Il me lance un sourire espiègle avant de me chuchoter :
"Tu ne m'auras pas la prochaine fois !
- Ouais c'est bon je ne dormais pas ! Allez lâche moi..!"

Il se relève alors aussitôt.

"Ah merde il faut que je te laisse, souffle-t-il en regardant sa montre. Tes parents arrivent bientôt, et tu sors ce soir si tout va bien.
- Ok, tu vas chercher Jilian ?
- Oui !
- Tu lui passeras le bonjour, lui dis-je avec un sourire.
- Normalement sa mère la laissera tout le week end ici donc tu auras le temps de la voir.
- Cool.
- Bon allez p'tit monstre, surtout repose toi bien !"

Et il s'en va, me laissant seul dans la chambre d'hôpital. Je ne sais pas combien de temps est passé après, mais cela m'a paru interminable.
Je n'avais ni Wi-Fi, ni télé, et la fenêtre donnait sur un parking. La joie ultime.

Je me mets à compter les trous dans le mur, le summum même de la représentation de l'ennui. Je m'attarde alors sur la porte, espérant en mon fort intérieur que mes parents arrivent vite.
Cette chambre me rend malade. Toute cette blancheur, ce calme omniprésent, ça me stresse. J'ai vraiment hâte de me barrer d'ici.

Je commence alors à avoir soif, je me dirige vers le fond de la chambre à la recherche d'eau, mais il n'y en a pas.
Je lance un regard à la porte puis à ma blouse blanche. Je m'en contrecarre, tous les patients d'ici en sont vêtus.

J'ouvre la porte et entame la recherche d'une fontaine à eau - il y en a toujours une dans un hôpital, je ne suis pas fou ?

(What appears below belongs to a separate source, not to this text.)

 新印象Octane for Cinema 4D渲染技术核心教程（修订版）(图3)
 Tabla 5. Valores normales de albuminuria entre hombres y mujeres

J'ai dû tourner dans tout l'étage avant de tomber sur ce qui semble être un coin attente, juste à côté du secrétariat et des toilettes. J'y ai enfin trouvé mon bonheur : de l'eau gratuite à disposition.

Je m'empare d'un gobelet lorsqu'une voix me sort de mon bonheur :
"Salut mec.
- Euh...bonjour."

J'appuie sur le bouton, prêt à partir. Sauf que son visage me dit quelque chose.

"Je voulais m'excuser pour ce qui s'est passé hier avec Sasha."

Je me retourne. C'est le châtain d'hier que j'ai croisé en remontant la rue. Il a ce même sourire collé à la tronche, un mélange d'air supérieur et de condescendance. Il me fout la gerbe, ses excuses semblent tout sauf sincères.

"Pas la peine de t'excuser pour les autres ça ira.
- Je me présente, moi c'est Noah." entame-t-il en se servant aussi de l'eau.

Pitié, j'ai tout sauf envie de socialiser en buvant de l'eau. Déjà que je nécessite un effort surhumain pour parler à Salsabile, je ne suis pas du genre à taper la discute avec des inconnus à l'hôpital.

Le sourire de Noah s'agrandit face à mon silence. Il boit son verre d'eau en deux secondes, le jette à la poubelle avant de me lâcher un bref "A la prochaine Calum". Je n'ai pas eu le temps de lui répondre quoi que ce soit qu'il s'est volatilisé, me laissant là, mon eau et moi.